## WHAT THE EXERCISE ASKS
Look for the line containing "Bachelor Party Crew" and the line containing "League Of Legends 3champions And Roles" in the entries below. Copy those two and all lines between them exactly, leaving out pictures.
RECORDED INFORMATION below:
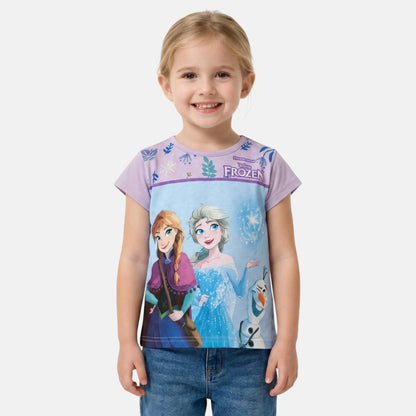 T-shirt manga curta Frozen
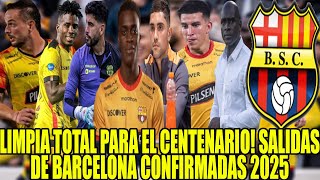 LIMPIA TOTAL PARA EL CENTENARIO SALIDAS DE BARCELONA CONFIRMADAS 2025 [upl. by Aurelie574]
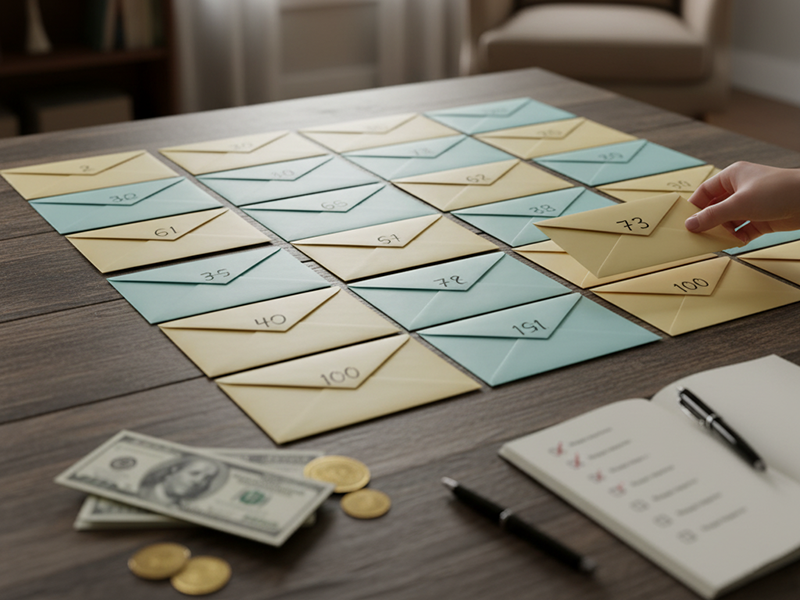 how to do the 100 envelope challenge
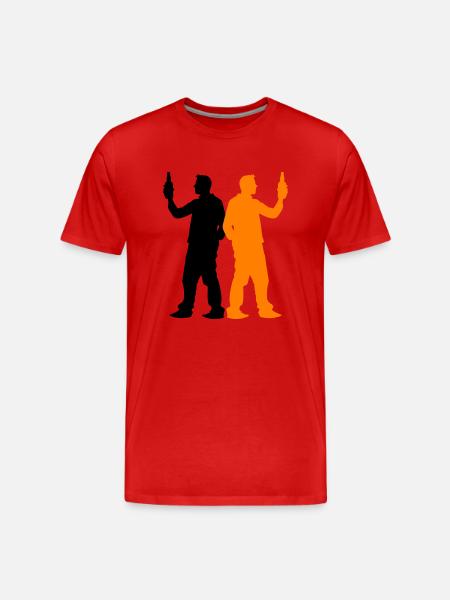 Bachelor Party Crew Group - Men's Premium Organic T-Shirt - red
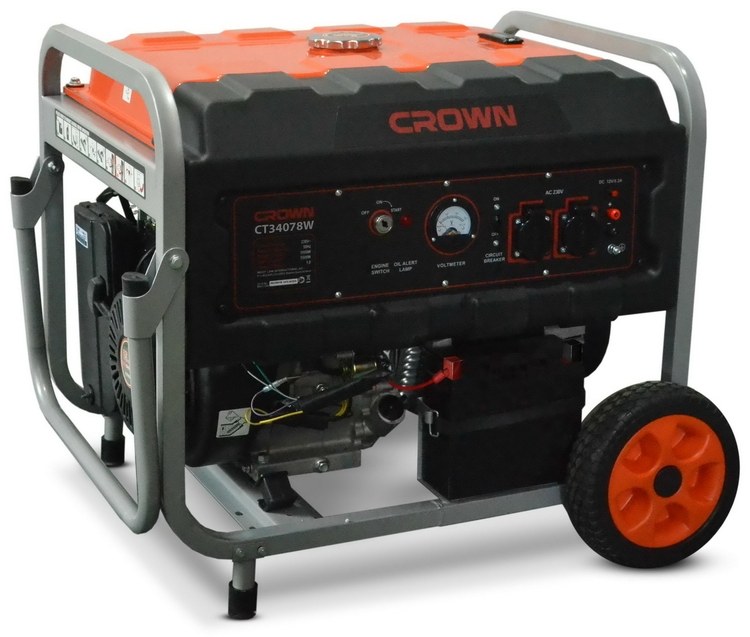 Бензиновий генератор CROWN CT34066 WE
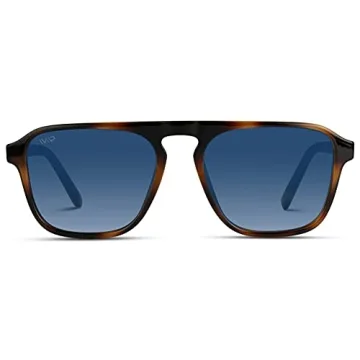 WearMe Pro Polarized Aviator Sunglasses for Men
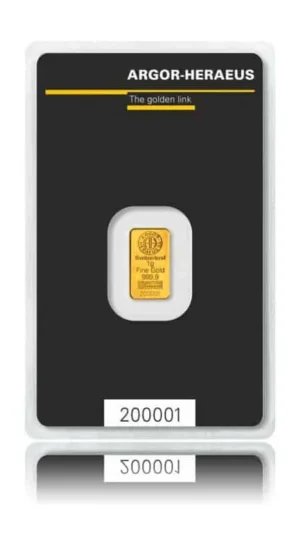 Heraeus Goldbarren 1g bei Goldreserven kaufen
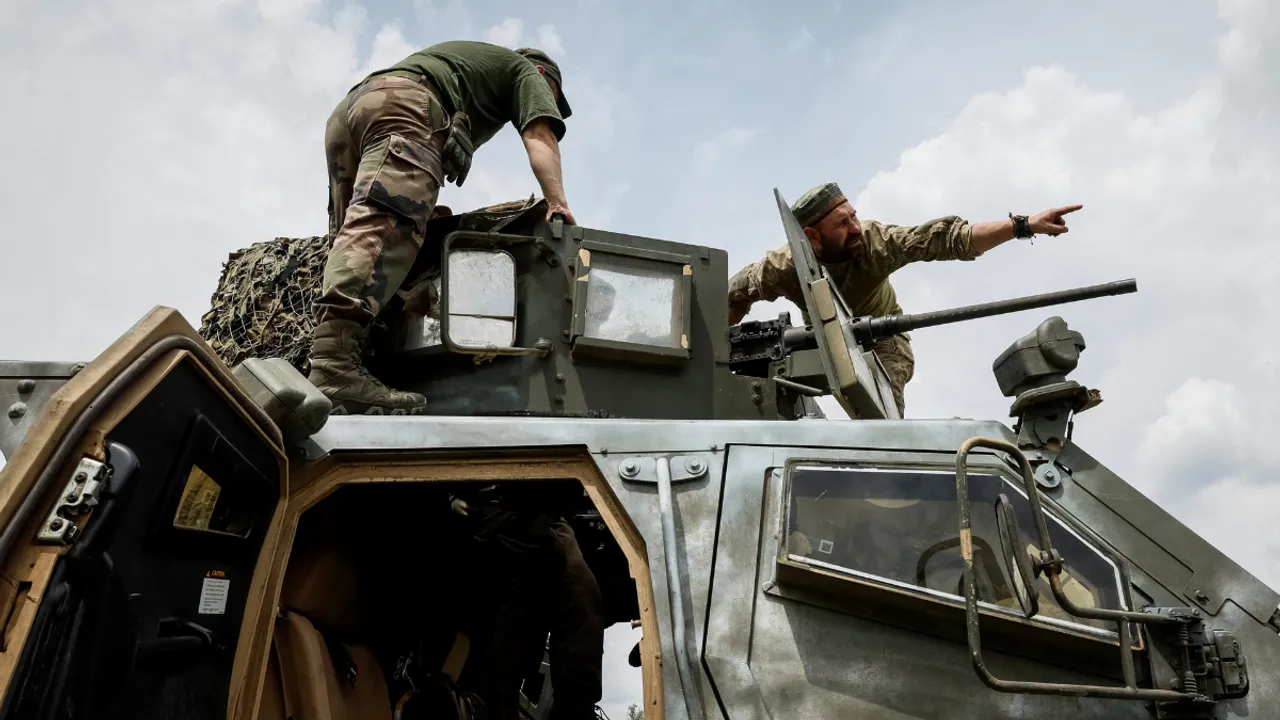  Ukrainian service members Photograph:(Reuters) 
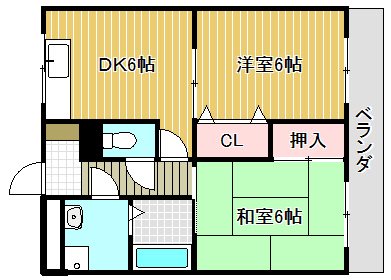 ハースイン久野部 207号室 間取り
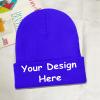 Custom Your Name/Text/Logo/Image Men's Knit Cuffed Beanie view 3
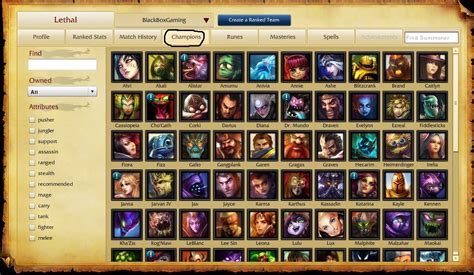League Of Legends 3champions And Roles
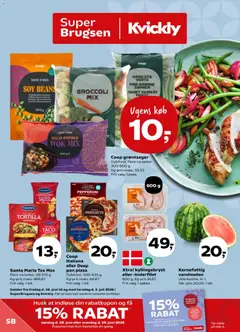 Eksempel på tilbudsavis Super Brugsen - Tilbudsavis uge 26 fra butik Super Brugsen gyldig fra 26/06/2026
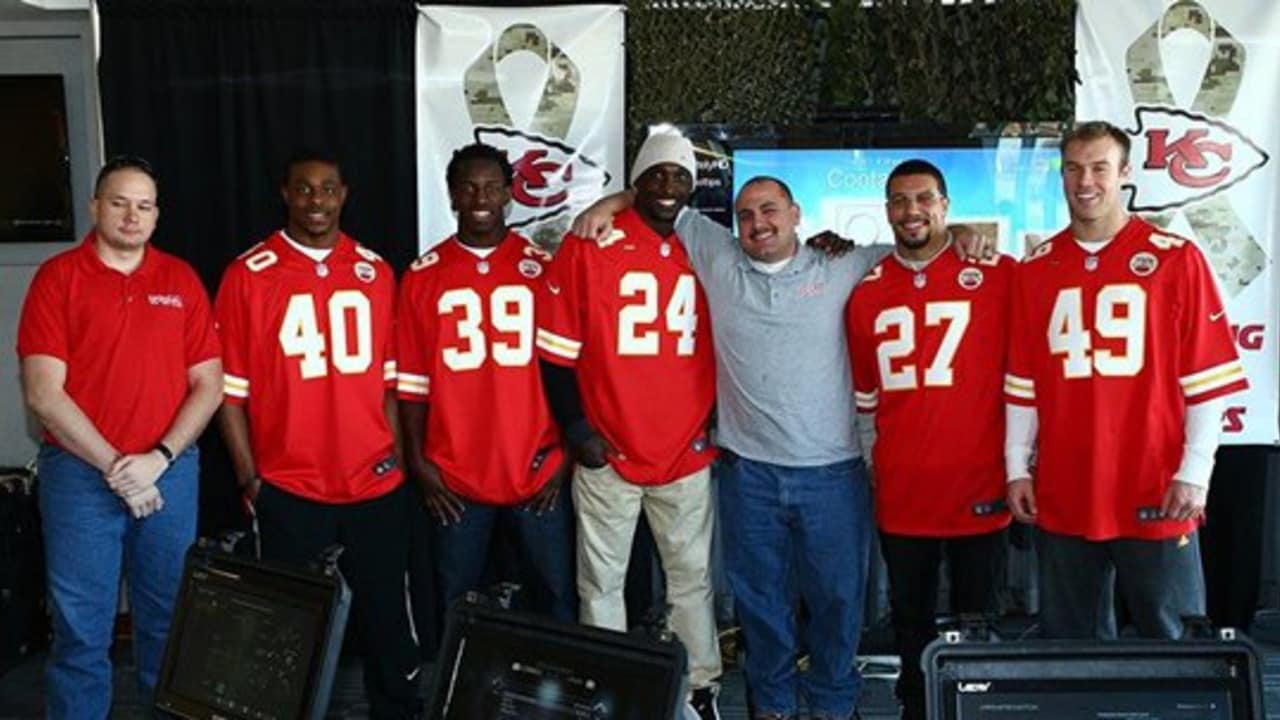 Chiefs Host Military Members at Arrowhead Stadium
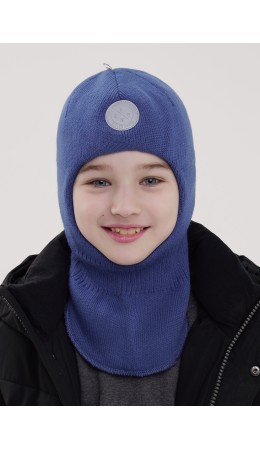 CLE Шапка-шлем дет. 453834ап флис, св.джинсовый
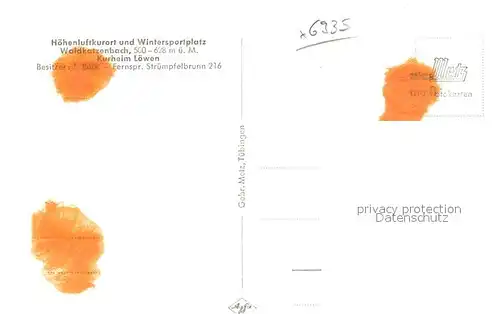 AK / Ansichtskarte Waldkatzenbach Kurheim Loewen Kat. Waldbrunn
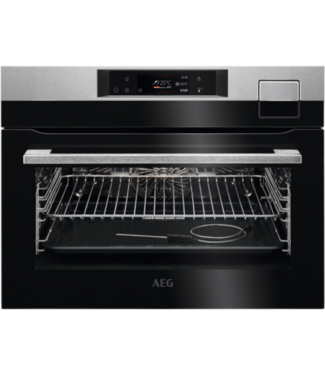 AEG AEG SteamPro Combi hetelucht- en stoomoven KSK792280M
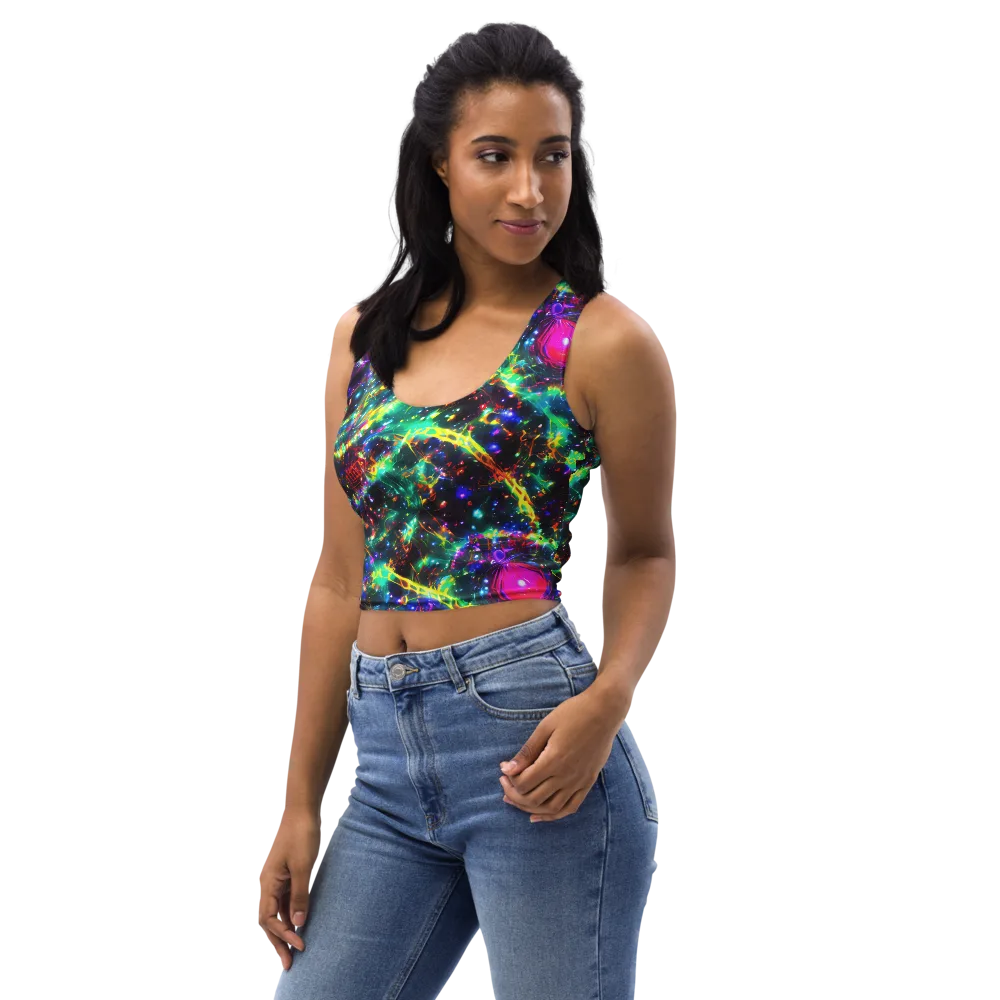 Blythe Nebula on Crop Top — Left Front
End of RECORDED INFORMATION.
## RESULT
 Bachelor Party Crew Group - Men's Premium Organic T-Shirt - red
 Бензиновий генератор CROWN CT34066 WE
 WearMe Pro Polarized Aviator Sunglasses for Men
 Heraeus Goldbarren 1g bei Goldreserven kaufen
  Ukrainian service members Photograph:(Reuters) 
 ハースイン久野部 207号室 間取り
 Custom Your Name/Text/Logo/Image Men's Knit Cuffed Beanie view 3
League Of Legends 3champions And Roles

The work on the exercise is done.